Trial commenced as scheduled and Gottsehalk again appeared without counsel. The first day ended early after all the available jurors had been questioned. During the afternoon, Gottsehalk obtained a loan from a friend so that he could hire an attorney.

Before trial resumed the following morning, Gottsehalk informed the court that Anchorage attorney Anthony Smith would be arriving in Naknek later that day to represent him. He requested a four-day continuance in order to consult with his attorney and prepare a defense. The court denied appellant’s request and proceeded with the jury selection.

The court recessed mid-morning after the prosecution’s last witness failed to arrive. The district attorney took the opportunity to propose jury instructions for the court’s consideration. Gottsehalk objected and asked that the court wait for his attorney to arrive before considering the instructions. The court denied appellant’s request stating that since Mr. Smith never filed a notice of appearance in the case, he would not be arguing in it.

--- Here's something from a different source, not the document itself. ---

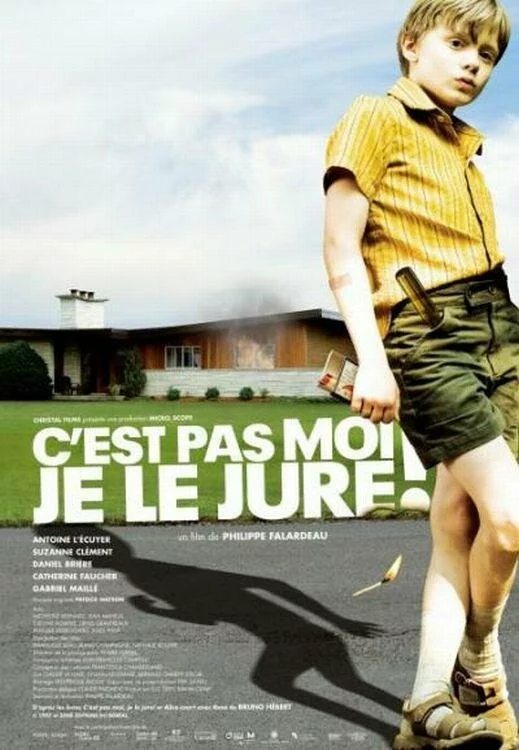 Клянусь, это не я! / C'est pas moi, je le jure! (2008) DVDRip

Smith arrived in court at the completion of the state’s case. After a brief conference with his attorney, Gottsehalk made another request for continuance until the following morning. The court inquired of Mr. Smith if he was willing to enter an appearance at that time. When Smith declined to do so stating that he needed more time to review his client’s case, the court denied the motion. Gottsehalk subsequently rested without presenting any witnesses on his behalf. The case was argued, the jury instructed, and a verdict returned before the day was out.-

Attorney Smith did appear for Gottsehalk at sentencing. Gottsehalk received a six-month sentence, with three months suspended and two years probation. He was also ordered to pay two hundred fifty dollars in restitution. Execution of sentence has been stayed pending this appeal.

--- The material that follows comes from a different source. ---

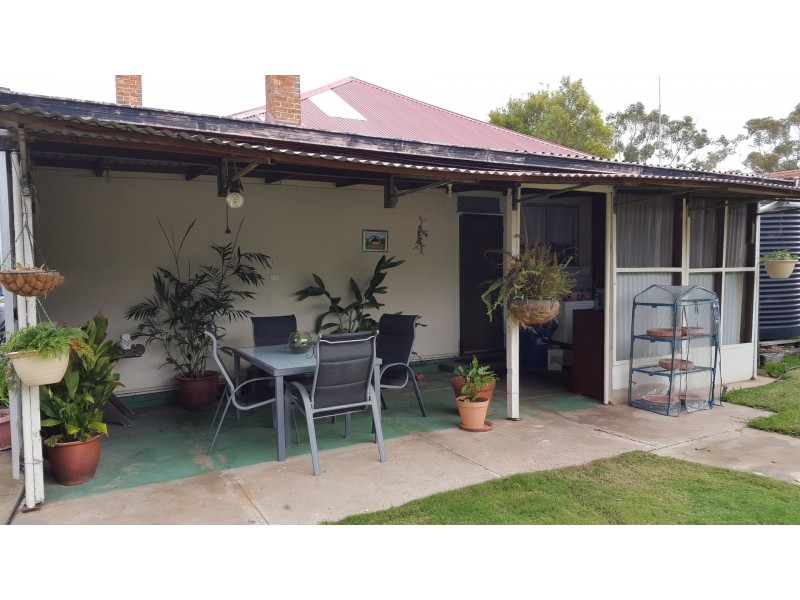 41 Daping St, Katanning WA 6317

The denial of a request for continuance falls properly within the discretion of the trial court and will not be disturbed on appeal unless the discretion has been clearly abused. Salazar v. State, 559 P.2d 66, 71 (Alaska 1976); Green v. State, 544 P.2d 1018, 1020 (Alaska 1976). “[T]he prime focus of inquiry must be on the reason for the requested continuance,” but we will also consider whether the moving party has acted diligently and in good faith. Salazar, 559 P.2d at 72.

Gottsehalk directs our attention to several decisions by this court in which we have found an abuse of discretion for denial of a party’s motion for continuance in order to prepare for trial. However, each of the cases, unlike the present one, involved circumstances beyond the control of the requesting party. In Doe v. State, 487 P.2d 47 (Alaska 1971), a defendant minor was given but one day notice by the state to appear for his final dispositional hearing. In Klockenbrink v. State, 472 P.2d 958 (Alaska 1970), initial counsel withdrew from the case less than four days before trial. In Barrett v. Gagnon, 516 P.2d 1202 (Alaska 1973), counsel in a civil suit withdrew on the day of trial because of a schedule conflict.

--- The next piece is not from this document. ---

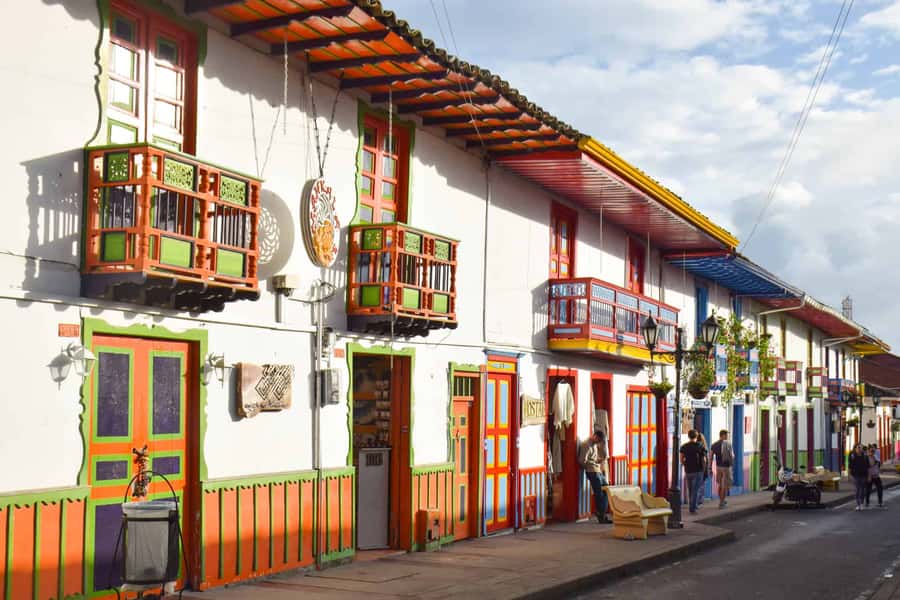 Salento, Cocora and Filandia Tour from Pereira or Armenia - Cocora Valley and the palm forest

Gottsehalk also contends that he lacked adequate funds to secure an attorney. We consider this excuse to be contrived and unpersuasive. 4 The trial court *451 determined prior to the first trial that Gottschalk had sufficient assets to afford his own counsel. Where a defendant is financially able to engage an attorney, he may not use his neglect in hiring one as a legitimate reason for delay. United States v. Yamashita, 527 F.2d 954, 955 (9th Cir. 1975); United States v. McMann, 386 F.2d 611, 618 (2d Cir. 1967), cert. denied, 390 U.S. 958, 88 S.Ct. 1045, 19 L.Ed.2d 1153 (1968); Relerford v. United States, 309 F.2d 706, 708 (9th Cir. 1962).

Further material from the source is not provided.